- Task description -
Excluding pictures, what does the listing below contain from the line with "Thumbnail: 2025 Chevrolet Blazer - 9" up to and including the line with "31 Peachwood Crescent, Hamilton, ON, L8E", word for word?

- Input data -
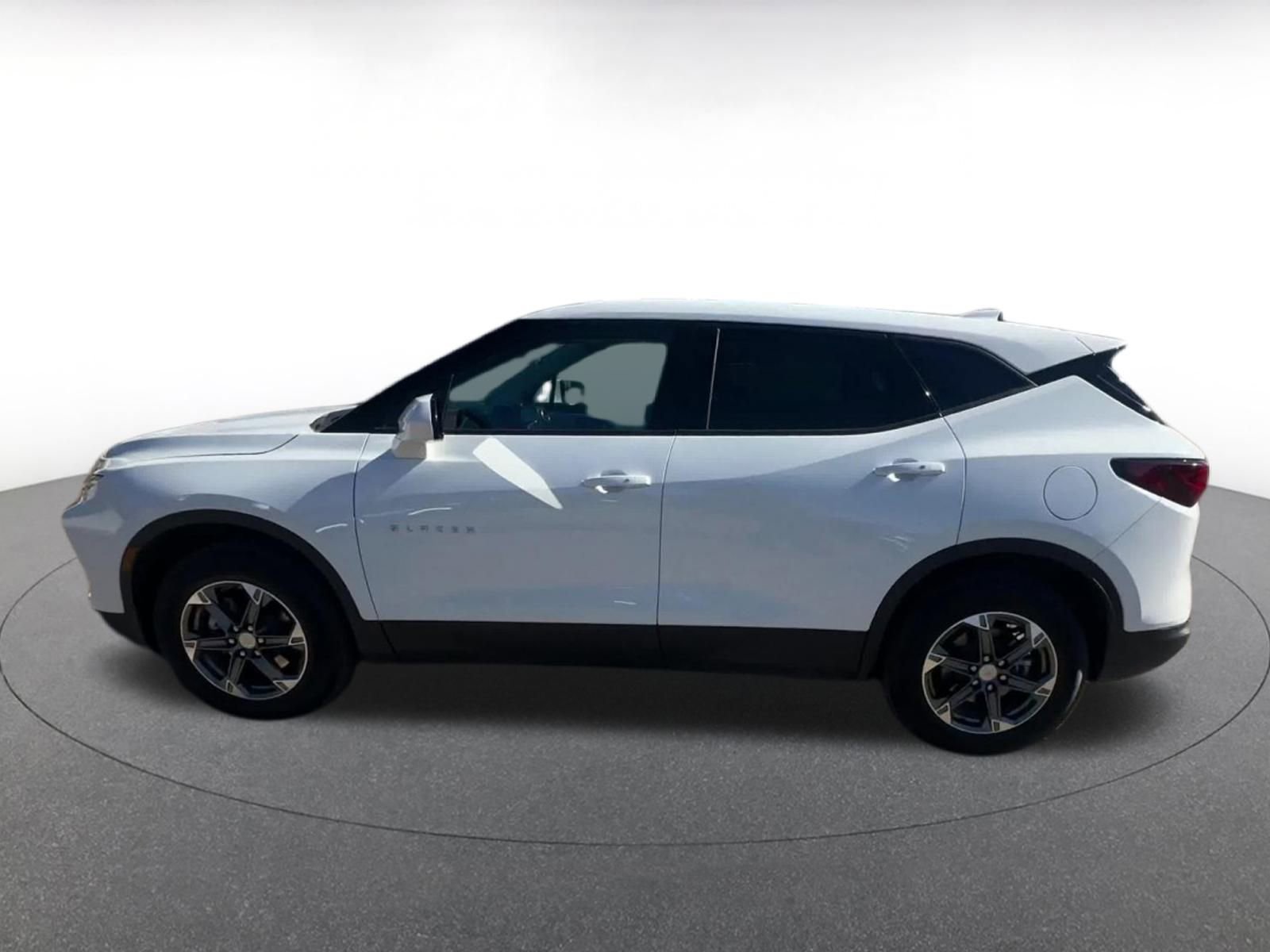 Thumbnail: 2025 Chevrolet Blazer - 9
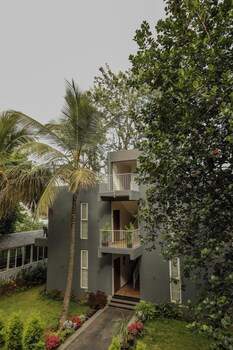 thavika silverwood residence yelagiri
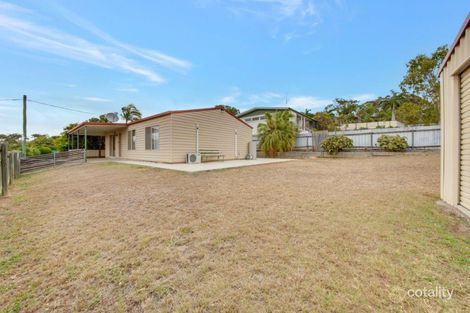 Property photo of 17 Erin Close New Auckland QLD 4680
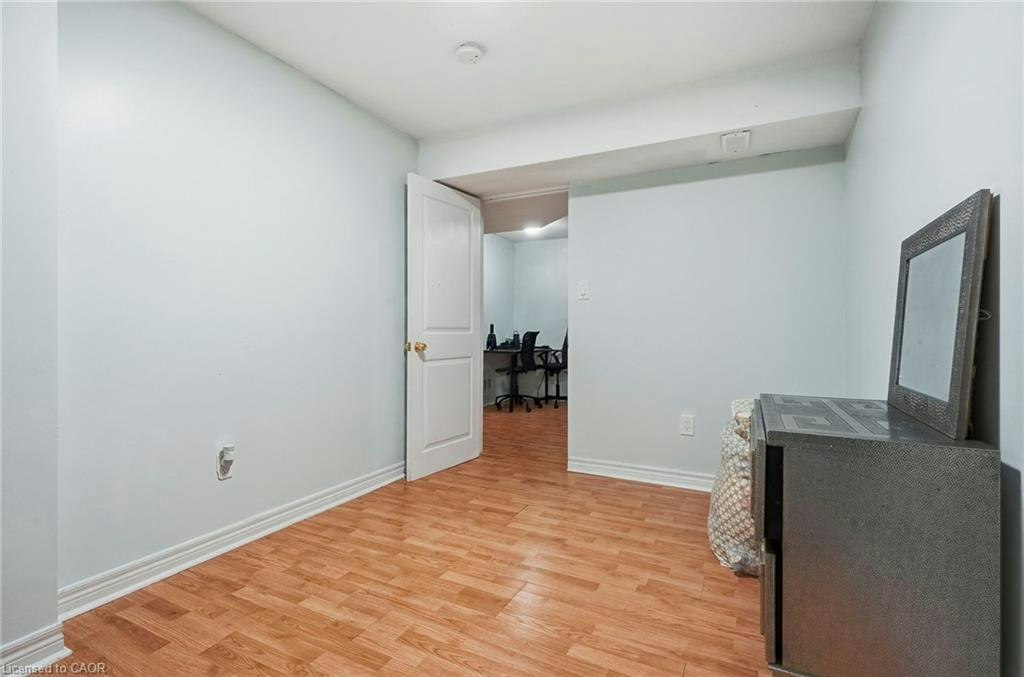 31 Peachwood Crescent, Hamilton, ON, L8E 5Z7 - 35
---
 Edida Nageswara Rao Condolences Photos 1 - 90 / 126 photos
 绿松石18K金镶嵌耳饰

- Solution to the exercise -
 Thumbnail: 2025 Chevrolet Blazer - 9
 thavika silverwood residence yelagiri
 Property photo of 17 Erin Close New Auckland QLD 4680
 31 Peachwood Crescent, Hamilton, ON, L8E 5Z7 - 35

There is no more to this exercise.